**Exercise prompt**.
From the line that contains "Whimsical Blume &" through the end of the records below, write out each line exactly as it appears, but not the pictures.

**Dataset entries**.
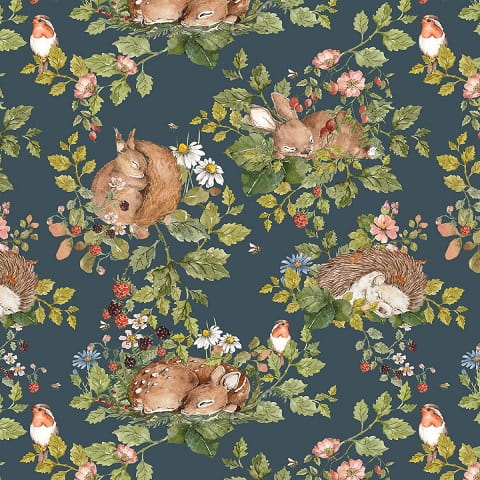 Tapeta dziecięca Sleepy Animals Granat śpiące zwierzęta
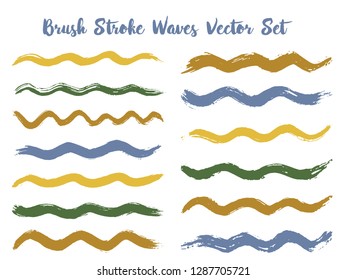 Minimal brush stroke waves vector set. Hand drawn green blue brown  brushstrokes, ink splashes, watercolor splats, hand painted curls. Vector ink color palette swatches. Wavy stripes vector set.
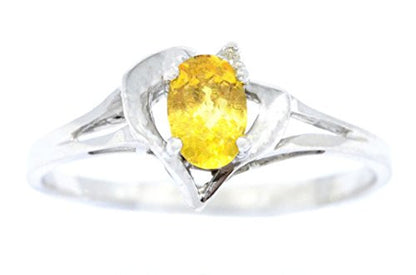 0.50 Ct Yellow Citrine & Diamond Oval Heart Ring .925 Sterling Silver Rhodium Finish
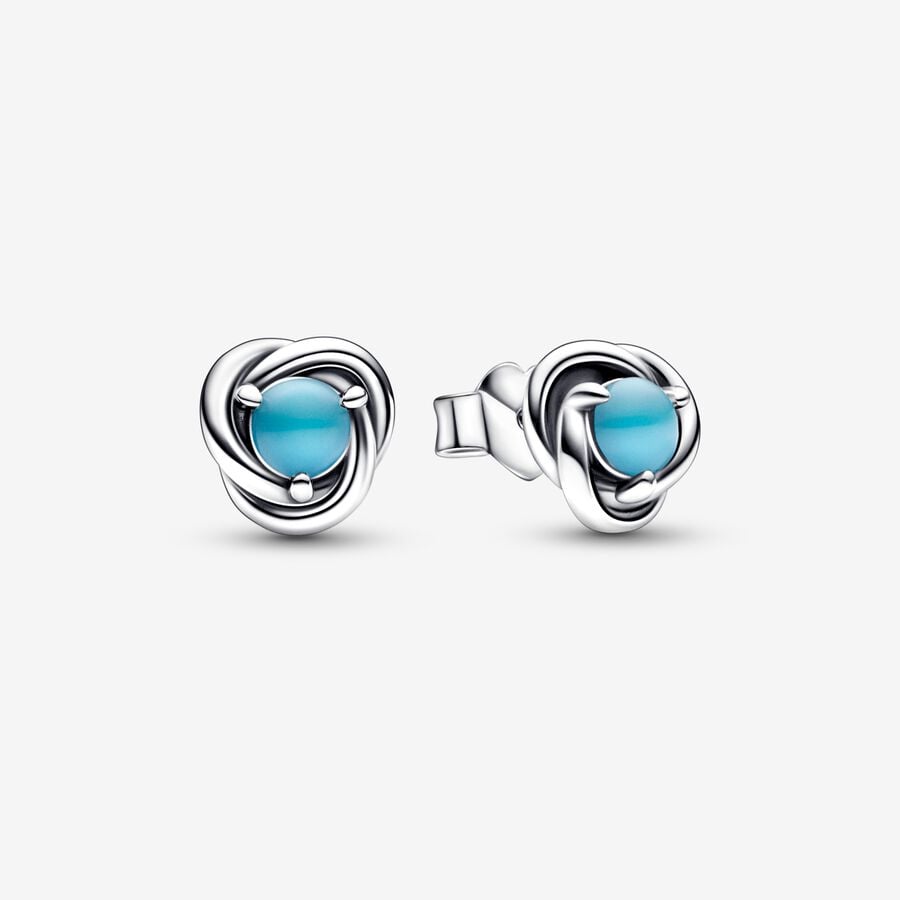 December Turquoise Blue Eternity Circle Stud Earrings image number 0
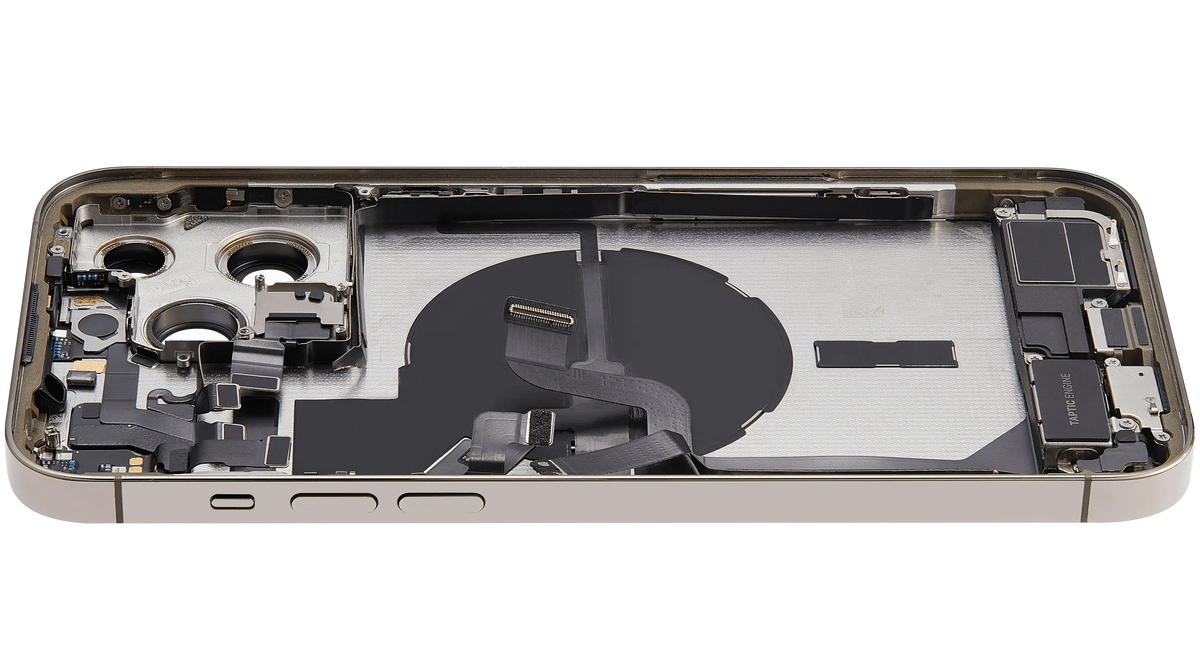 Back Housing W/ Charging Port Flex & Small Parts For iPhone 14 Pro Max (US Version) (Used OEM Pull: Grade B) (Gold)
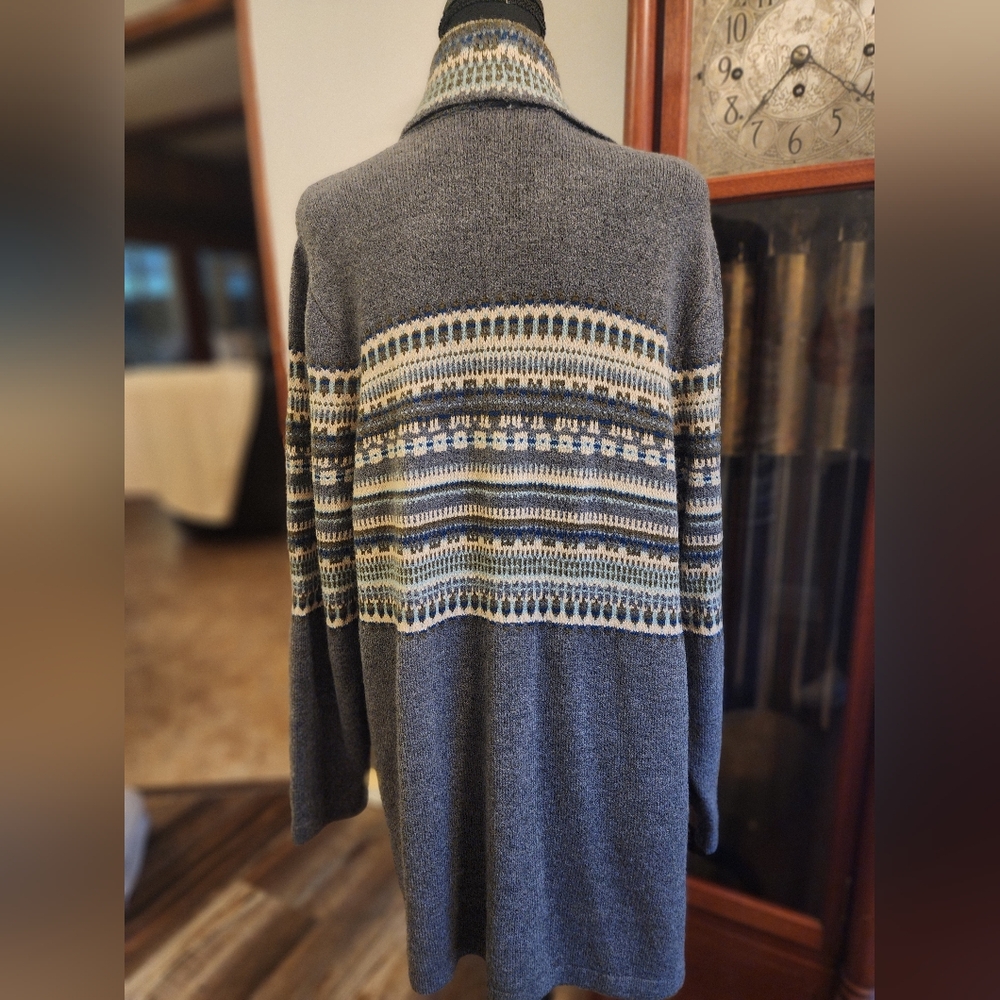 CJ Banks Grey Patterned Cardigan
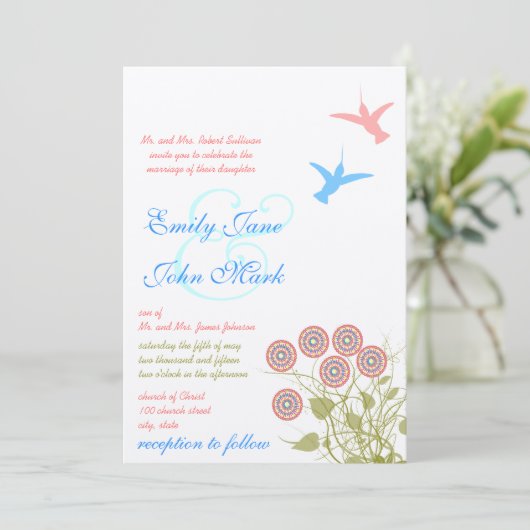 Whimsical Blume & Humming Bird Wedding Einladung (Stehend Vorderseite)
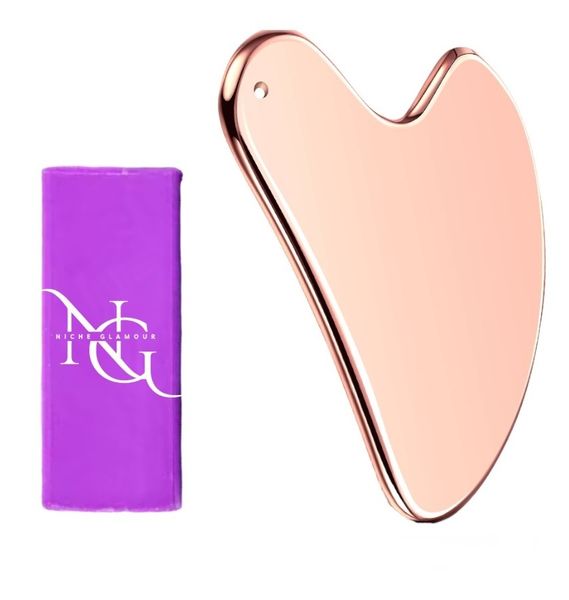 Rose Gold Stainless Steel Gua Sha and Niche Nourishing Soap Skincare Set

**Your response**.
 Whimsical Blume & Humming Bird Wedding Einladung (Stehend Vorderseite)
 Rose Gold Stainless Steel Gua Sha and Niche Nourishing Soap Skincare Set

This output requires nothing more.